Your task - Having located "Picture of DIFUNEE", write out its line and the remaining lines of the material exactly, the last one included, but not the pictures.

Provided data -
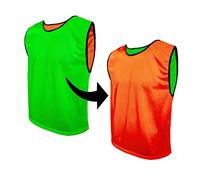 SPORTSBIBS Football Bibs, Double-Sided Marker T-Shirts, Mesh Jersey, Reversible Bib for Kids and Adults, Training Marking Shirt Trikots for Men Ladies Seniors Juniors, Combination of 2 Colours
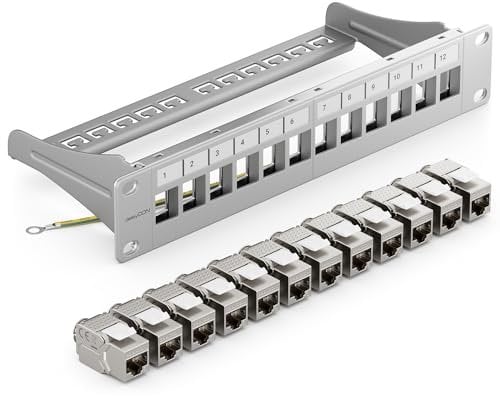 deleyCON Kit de 12 Ports Panneau de Brassage Modulaire 1 U 10 Installation en Rack + 12x Modules Keystone RJ45 CAT6a Compatible avec Câble Réseau LAN CAT5 CAT6 CAT7 Câble D'installation Gris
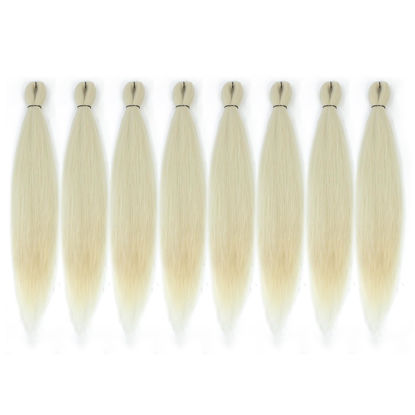 Picture of DIFUNEE Pre-stretched Braiding Hair - 16 Inch 8 Packs Off-White Super Long Braiding Hair For Twist or Box Braids, Yaki Texture Hot Water Setting Synthetic Braiding Hair Extensions (16 Inch, #613-8P)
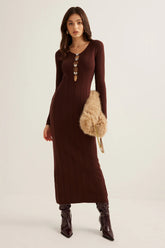 Elegant Ribbed Knit Bodycon Dress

Exercise output -
 Picture of DIFUNEE Pre-stretched Braiding Hair - 16 Inch 8 Packs Off-White Super Long Braiding Hair For Twist or Box Braids, Yaki Texture Hot Water Setting Synthetic Braiding Hair Extensions (16 Inch, #613-8P)
 Elegant Ribbed Knit Bodycon Dress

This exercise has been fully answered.